Maintaining Sequence of OUTPUT rows during INSERT

Question

Maintaining Sequence of OUTPUT rows during INSERT

The Dixie Flatline

SSC Guru

Points: 53354
More actions
July 6, 2016 at 3:41 pm

#327596

We are writing a stored procedure that will be doing an insert to one table followed by an update to another table. (Edited for clarification.)
The update will set the value of a target column to the newly created identity value(s) from the insert.
The key to the table to be updated is a GUID which does not exist in the table to be inserted into.
(Please do not lecture me about GUIDs being keys at this point in time. I understand and agree.)
Therefore, we have to be able to join the results of the OUTPUT back to the original table-valued parameter to get the GUID so we can subsequently do the update.
I have created the following solution using "RowIDs" to preserve the sequence of rows in the table. It is working in early testing but I can't find documentation that the OUTPUT rows will always be in the same sequence as the ORDER BY clause of the insert. This is critical or else the RowIDs of the output will not match the RowIDs of the original table-valued parameter.
Can anyone either break this, or point me to documentation which establishes this is reliable? Or, alternatively, suggest another technique?
Many thanks in advance.
- Bob
CREATE TABLE #COLORS (ColorID int identity(1,1) primary key, Color varchar(20))
insert into #colors values ('Black'),('White')
DECLARE @ColorsToAdd Table (RowID int identity(1,1) primary key, RandomGUID uniqueIdentifier, ColorToAdd varchar(20))
DECLARE @AddedColors Table (RowID int identity(1,1) primary key, AddedColorID int, AddedColor varchar(20))
insert into @ColorsToAdd(RandomGUID, ColorToAdd)
select NewID(),'Pink' union all
select NewID(),'Aqua' union all
select NewID(),'Teal' union all
select NewID(),'Gold'
select '@ColorsToAdd' as [Table],* from @ColorsToAdd
insert into #colors (color)
output inserted.ColorID, inserted.color
into @AddedColors(AddedColorID, AddedColor)
select ColorToAdd
from @colorsToAdd
order by RowID-- DOES THIS CONTRL THE SEQUENCE OF THE OUTPUT CLAUSE ???
select '@AddedColors' as [Table],* from @AddedColors
-- confirm id/color didn't change
if exists (select 1
from @ColorsToAdd ca
join @AddedColors ac on ac.RowID = ca.rowid
where AddedColor <> ColorToAdd )
begin
select 'Sequence has been lost' as [Error]
end
else
begin
select top (100) ca.*, ac.AddedColorID, ac.AddedColor
from @ColorsToAdd ca
join @AddedColors ac on ca.RowID = ac.RowID
end
-- From here, another table will be updated by matching on RandomGuid
-- and updating the target column with the value of AddedColorID
__________________________________________________
Against stupidity the gods themselves contend in vain. -- Friedrich Schiller
Stop, children, what's that sound? Everybody look what's going down. -- Stephen Stills

Viewing 15 posts - 1 through 14 (of 14 total)
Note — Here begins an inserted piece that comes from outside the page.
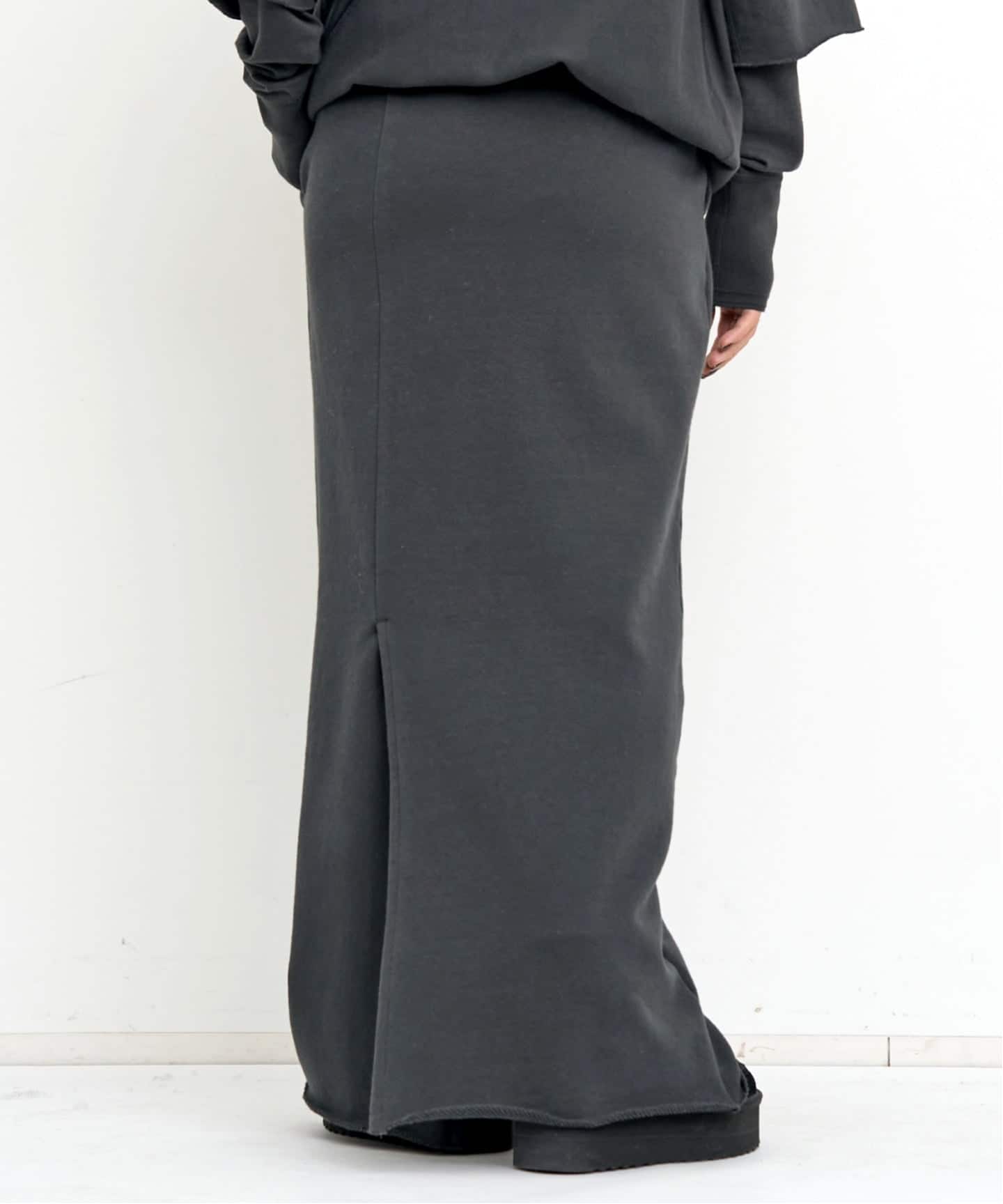 AMERICANA/アメリカーナ】 SWEAT SKIRT（ロング・マキシ丈スカート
You must be logged in to reply to this topic. Login to reply

Jeff Moden SSC Guru Points: 1004409 More actions · Answer 1

This is the ol' batch Invoice/Invoice detail problem. I've tried many different renditions, including the very one that you've just tried and I'm here to tell you that it will eventually fail, like it did for me.

The only way to do this in a guaranteed fashion is to add the GUIDs as a part of the insert to the IDENTITY table. Of course, that also means adding a column to hold the GUID but, if you need to do such things in a batch fashion other than RBAR, then adding the GUID column is absolutely the only safe way to do it.

If you can't add the column, then you're going to have to resort to RBAR.

I'm not the only one that thinks this. Conor Cunningham (the T_SQL "god" from Microsoft) has made himself very clear on this subject more than once on MVP email... it is NOT guaranteed that the order from OUTPUT means anything.

--Jeff Moden

RBAR is pronounced "ree-bar" and is a "Modenism" for Row-By-Agonizing-Row.
First step towards the paradigm shift of writing Set Based code:
________Stop thinking about what you want to do to a ROW... think, instead, of what you want to do to a COLUMN.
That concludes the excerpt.